Complementary 2D small/wide angle X-ray scattering computed tomography (SWAXS-CT, Fig. 1c) using a focused pencil beam is performed on selected cross-sectional slices in the very same cells. The direct comparison of the former attenuation data, e.g. via color level mappings, with the latter spatially-resolved scattering data (Fig. 1d), e.g. containing pixel-localized individual SWAXS patterns, is advantageous to connect the observed concentration-dependent density variations to crystalline and nanostructured phases in various components. WAXS is sensitive to the change of crystallographic parameters (e.g. graphite and NMC) during (de)lithiation, while SAXS is sensitive to the change of lithiation state of the amorphous nanosized silicon domains.37 Therefore, by selecting a given Bragg peak in the WAXS patterns, a 2D distribution of the associated phase can be obtained in the cell for the selected cross section (for instance, the graphite phase is shown in Fig. 1d, left slice), while integrating SAXS intensity provides a 2D-map of silicon localization and state (Fig. 1d, right slice). More details on the data acquisition, processing and interpretation are available in the Notes S1–S21 (ESI). The X-rays/neutron correlated view of the aged cell is shown in Fig. 1e. As expected from industry-grade manufacturing, the vast majority of the electrode structure seems rather homogeneous, especially in the 3D attenuation data. There are however some rather distinct inhomogeneities distributed inside the silicon–graphite anode component, visible in all modalities – for instance, some brighter spots are present in the SWAXS 2D integrated intensity maps, while lithium-rich and lithium-poor zones coexist in the NXCT data. These spots and variations are signatures of local structural and/or compositional heterogeneities at the material scale. Moreover, a few macroscale defective regions are evidenced, as seen on the insert in Fig. 1e, showing a zone where the current collector is bent and heavily deformed.

Localizing and exploring cell damage

Spatially resolved measurements in the fully charged and discharged states allow us to better track the local changes during the aging and to gain further understanding of the influence of the rolled cell geometry. Fig. 2 shows the results for the virtually unrolled aged cell after 700 cycles. The fresh cell is shown in Fig. S22 (ESI). Due to size limitations, only cutouts of the electrode assemblies are depicted with the full-sized images shown in Fig. S24–S31 (ESI) and the electrochemical data in Fig. S43 and S44 (ESI).
image file: d4ee00590b-f2.tif
Fig. 2 Localization of macroscale deformations and heterogeneities in an aged cell after 700 cycles. SoC: discharged (left) and charged (right).
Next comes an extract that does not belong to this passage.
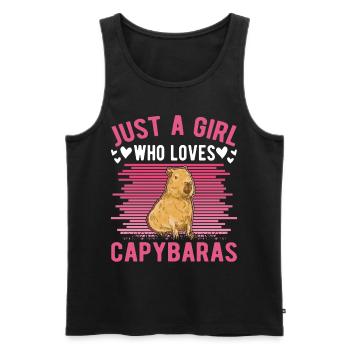 Just a Girl Who loves Capybaras Capybara Mädchen - Men's Premium Organic Tank Top - black - Front - Michal (187cm)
The virtually unrolled tomography slices show the same position in the cell but obtained from the different imaging modalities. (a) Color composite image showing the correlated NXCT tomography, which is sensitive to the lithium distribution due to the neutron attenuation contrast. Note that the charged state shows a slice taken from a different cell than the other images. (b) Color composite image showing the distribution of lithiated NMC (green) and delithiated NMC (red). (c) Color composite image showing the distribution of LiC6 (green), LiC12 (blue) and graphite with poorly lithiated phases (LixC6 with x < 0.2, red). (d) SAXS intensity integrated from q = 0.025–0.1 Å−1, which correlates with the concentration and degree of lithiation of the nanostructured silicon phase.
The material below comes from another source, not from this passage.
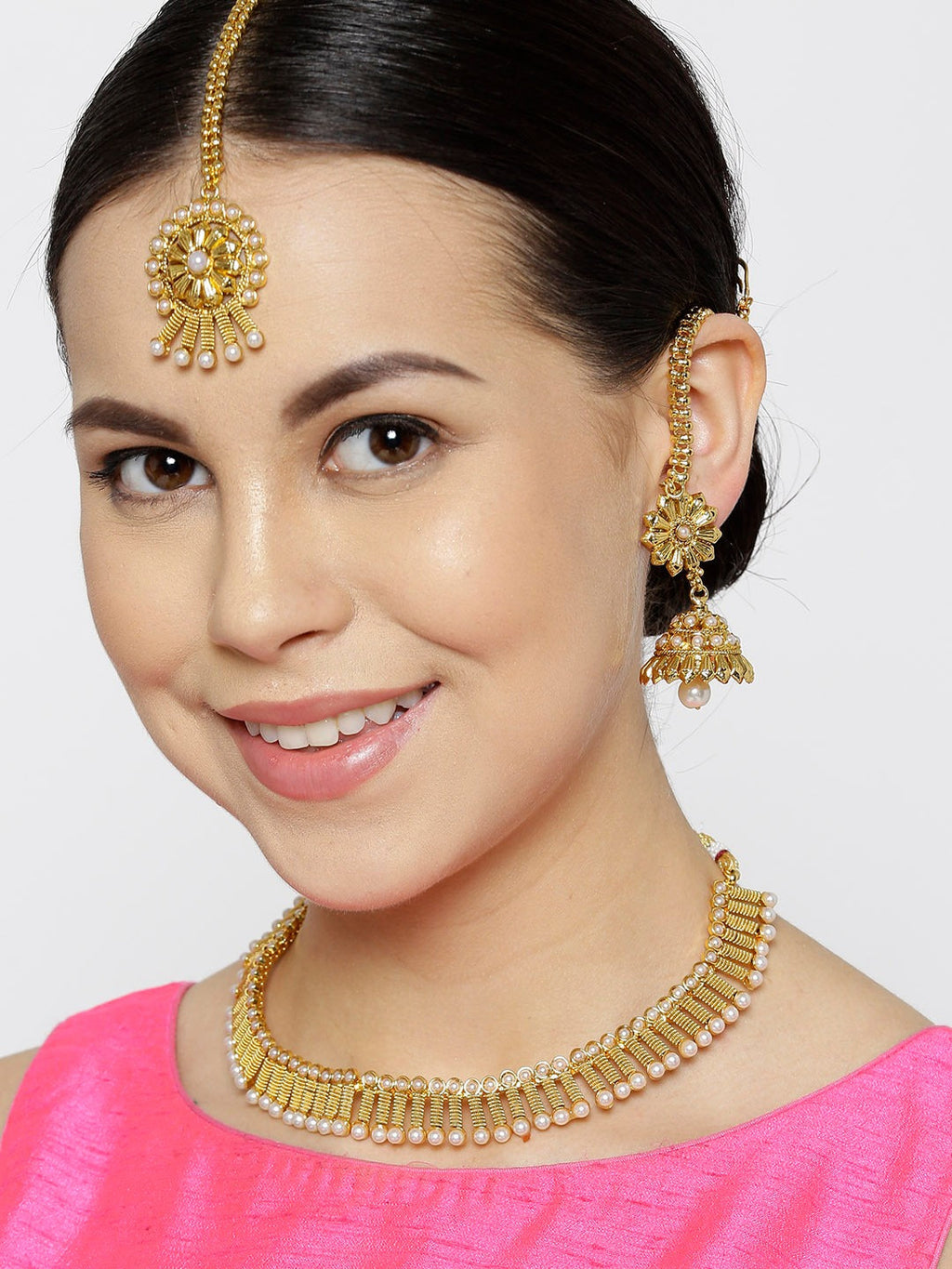 Priyaasi Women White Beads Gold-Polished MaangTika Jewellery Set - Swadesiicart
The unrolled cell representation at 700 cycles reveals several typical features. In the discharged state, the NMC is fully lithiated (green colored), while the graphite in the anode is fully delithiated (red colored), with no obvious inhomogeneities to be observed at this scale. This reverses in the charged state, as expected, where the NMC cathode delithiates homogeneously. This analysis does not explicitly rule out ageing effects in the NMC material, as fatigued phases40 could be present and cause local heterogeneities at a smaller scale. For the anode, however, pronounced inhomogeneities in the lithiation states of graphite can be observed. We observe fully lithiated (LiC6) and partially lithiated states (LiC12) distributed in most parts of the aged cell. Comparing this with the fresh cell in Fig. S22 (ESI), the loss of lithium inventory becomes clear, as in the fresh cell mostly LiC6 can be observed, while the aged cell shows LiC12 being present in almost all parts of the cell. Therefore, the composite anodes do not reach their fully lithiated state everywhere as a consequence of aging.
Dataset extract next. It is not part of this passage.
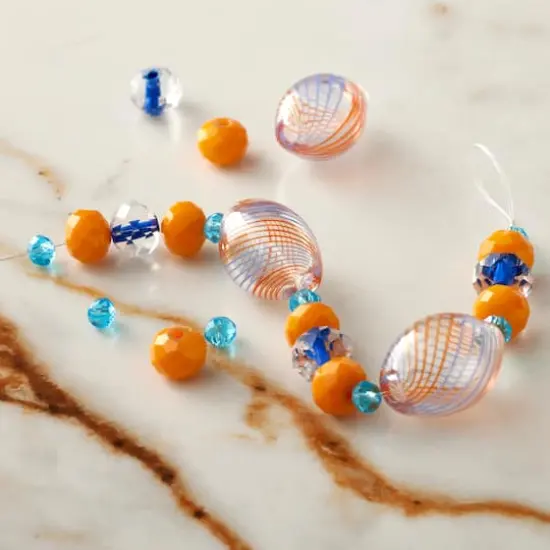 Orange Lampwork Glass Stripe Oval Beads by Bead Landing&trade; {3}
Moreover, some large defective zones exhibit even lower lithiation states, as indicated by arrows in Fig. 2. In the very same regions, we also observe SAXS intensity bright spots (Fig. 2d) indicating different behaviors of silicon, as well as massive deformations of the copper current collector. Extended unlithiated/poorly lithiated (LixC6 with x < 0.2, red) and/or partially lithiated (LiC12, blue) graphite zones (Fig. 2c) are only observed in these deformed areas. Zones like this are also present in the fresh cell, but to a lesser extent (Fig. S22, ESI).

The abnormal behavior in these areas is also confirmed by the correlated NXCT data in Fig. 2a, where the cyan component representing neutron attenuation depicts the movement of lithium. There is an overall intensity change corresponding to the charge and discharge of the anode and cathode respectively, as well as clear heterogeneities of the anode charge state. Voids and lithium-rich zones are found throughout the graphite–silicon layers, on both sides of the current collector, and are spread over the whole cell. Details of the local distribution of lithium are shown in Fig. S23 (ESI), where a zoom into a small section is pictured. This indicates that the most prominent degradations inside the cells happen in the composite anode, where long-term cycling induces lithium loss and lithium trapping. These phenomena probably correlate to well-known processes in silicon domains36,38,41 due to repeated volume changes and continuous SEI growth during cycling, while the NMC cathode is, as expected, less degraded. This agrees with observations of Visti Graae et al.,34 who have shown that capacity fade in silicon–graphite based cells is predominately caused by lithium inventory loss to silicon, while NMC continues to function normally.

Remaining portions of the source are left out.